§ **EXERCISE DESCRIPTION**: Output every line from the beginning of the records through the line that contains "Photo #19: 138 J Phillipi Road", exactly as it appears.

====================

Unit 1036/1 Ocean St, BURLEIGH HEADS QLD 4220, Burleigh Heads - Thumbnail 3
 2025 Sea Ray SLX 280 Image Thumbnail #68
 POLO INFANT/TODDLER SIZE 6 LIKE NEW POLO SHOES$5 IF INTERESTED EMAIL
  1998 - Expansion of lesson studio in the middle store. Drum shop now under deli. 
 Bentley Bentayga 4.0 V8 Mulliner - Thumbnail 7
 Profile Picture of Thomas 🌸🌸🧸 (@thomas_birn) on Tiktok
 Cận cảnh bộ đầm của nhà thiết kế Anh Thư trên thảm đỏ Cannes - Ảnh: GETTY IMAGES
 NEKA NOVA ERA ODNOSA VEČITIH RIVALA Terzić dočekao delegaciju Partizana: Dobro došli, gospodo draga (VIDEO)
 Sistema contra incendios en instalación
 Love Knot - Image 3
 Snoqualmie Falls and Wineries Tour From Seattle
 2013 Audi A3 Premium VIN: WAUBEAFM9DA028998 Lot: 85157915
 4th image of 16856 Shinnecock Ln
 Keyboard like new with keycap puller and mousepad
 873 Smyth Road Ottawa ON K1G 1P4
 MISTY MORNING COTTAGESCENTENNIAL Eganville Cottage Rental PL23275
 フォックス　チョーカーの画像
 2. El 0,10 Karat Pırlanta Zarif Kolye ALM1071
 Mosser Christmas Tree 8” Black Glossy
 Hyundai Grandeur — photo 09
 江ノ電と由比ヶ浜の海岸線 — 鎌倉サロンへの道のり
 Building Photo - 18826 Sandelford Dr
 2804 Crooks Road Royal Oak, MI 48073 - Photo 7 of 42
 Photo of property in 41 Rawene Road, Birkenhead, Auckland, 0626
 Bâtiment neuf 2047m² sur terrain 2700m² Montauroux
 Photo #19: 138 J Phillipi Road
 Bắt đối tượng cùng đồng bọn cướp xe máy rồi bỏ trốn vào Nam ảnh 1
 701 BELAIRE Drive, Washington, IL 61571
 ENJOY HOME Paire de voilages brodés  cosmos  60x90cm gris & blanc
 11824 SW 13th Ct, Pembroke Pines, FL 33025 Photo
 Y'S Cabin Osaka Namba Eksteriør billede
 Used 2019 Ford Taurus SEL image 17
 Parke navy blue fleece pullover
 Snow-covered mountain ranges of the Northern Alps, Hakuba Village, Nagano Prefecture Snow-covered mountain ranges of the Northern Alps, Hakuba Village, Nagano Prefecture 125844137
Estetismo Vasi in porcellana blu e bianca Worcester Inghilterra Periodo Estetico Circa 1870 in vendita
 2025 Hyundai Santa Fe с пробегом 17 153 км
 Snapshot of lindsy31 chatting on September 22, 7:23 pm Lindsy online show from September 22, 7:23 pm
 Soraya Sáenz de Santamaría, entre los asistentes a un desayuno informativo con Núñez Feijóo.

====================

§ **REPLY**:
Unit 1036/1 Ocean St, BURLEIGH HEADS QLD 4220, Burleigh Heads - Thumbnail 3
 2025 Sea Ray SLX 280 Image Thumbnail #68
 POLO INFANT/TODDLER SIZE 6 LIKE NEW POLO SHOES$5 IF INTERESTED EMAIL
  1998 - Expansion of lesson studio in the middle store. Drum shop now under deli. 
 Bentley Bentayga 4.0 V8 Mulliner - Thumbnail 7
 Profile Picture of Thomas 🌸🌸🧸 (@thomas_birn) on Tiktok
 Cận cảnh bộ đầm của nhà thiết kế Anh Thư trên thảm đỏ Cannes - Ảnh: GETTY IMAGES
 NEKA NOVA ERA ODNOSA VEČITIH RIVALA Terzić dočekao delegaciju Partizana: Dobro došli, gospodo draga (VIDEO)
 Sistema contra incendios en instalación
 Love Knot - Image 3
 Snoqualmie Falls and Wineries Tour From Seattle
 2013 Audi A3 Premium VIN: WAUBEAFM9DA028998 Lot: 85157915
 4th image of 16856 Shinnecock Ln
 Keyboard like new with keycap puller and mousepad
 873 Smyth Road Ottawa ON K1G 1P4
 MISTY MORNING COTTAGESCENTENNIAL Eganville Cottage Rental PL23275
 フォックス　チョーカーの画像
 2. El 0,10 Karat Pırlanta Zarif Kolye ALM1071
 Mosser Christmas Tree 8” Black Glossy
 Hyundai Grandeur — photo 09
 江ノ電と由比ヶ浜の海岸線 — 鎌倉サロンへの道のり
 Building Photo - 18826 Sandelford Dr
 2804 Crooks Road Royal Oak, MI 48073 - Photo 7 of 42
 Photo of property in 41 Rawene Road, Birkenhead, Auckland, 0626
 Bâtiment neuf 2047m² sur terrain 2700m² Montauroux
 Photo #19: 138 J Phillipi Road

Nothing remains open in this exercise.